__YOUR GOAL__: Type out the lines below exactly, pictures excluded.

__INPUT DATA__:
* * *

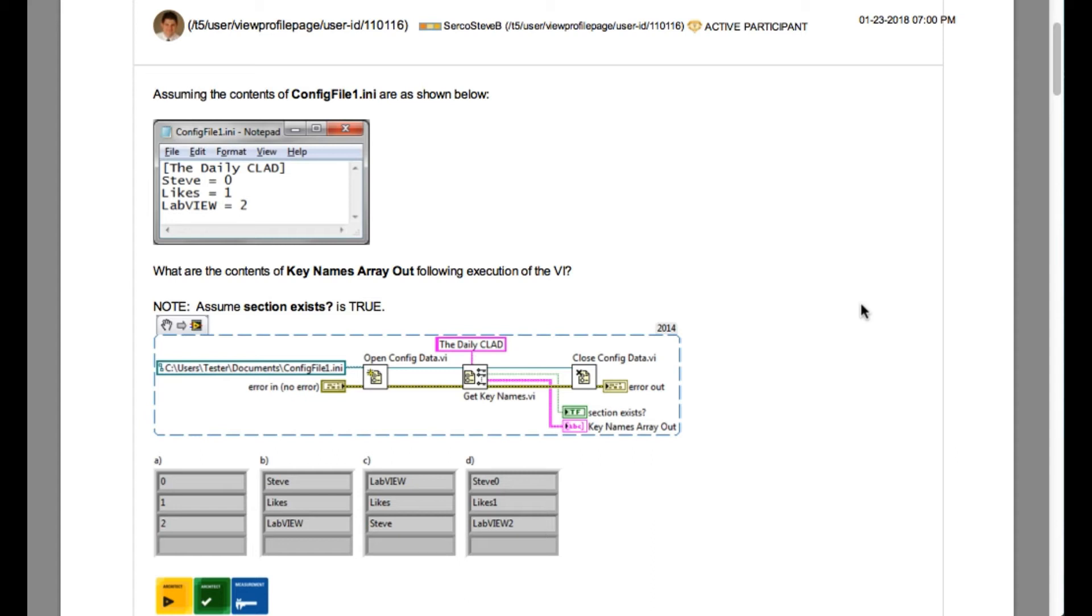If you have solved the previous question or if you know the API to handle the config files, you would know that get key names is going to return you an array of keys.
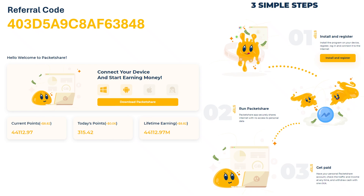Packet Share. It is just like Honeygain — very profitable. Currently available for Windows and Android, and will soon expand to other platforms. I have provided the invite code on the screen and below to install it.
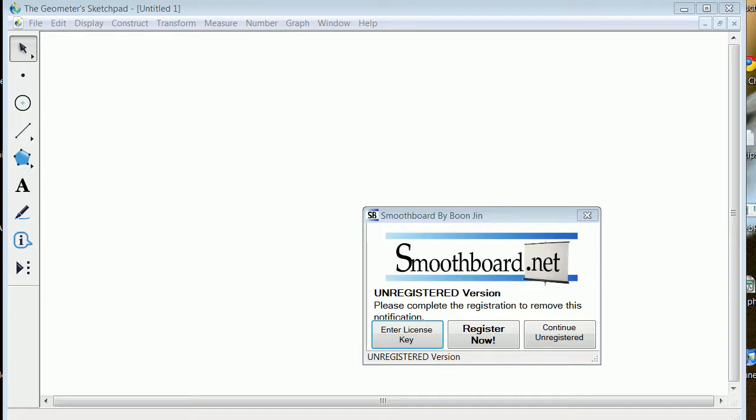Okay, we're doing another mashup here of software and you notice here I've got Smoothboard up, that's going to do my pen.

* * *

__RESPONSE__:
If you have solved the previous question or if you know the API to handle the config files, you would know that get key names is going to return you an array of keys.
Packet Share. It is just like Honeygain — very profitable. Currently available for Windows and Android, and will soon expand to other platforms. I have provided the invite code on the screen and below to install it.
Okay, we're doing another mashup here of software and you notice here I've got Smoothboard up, that's going to do my pen.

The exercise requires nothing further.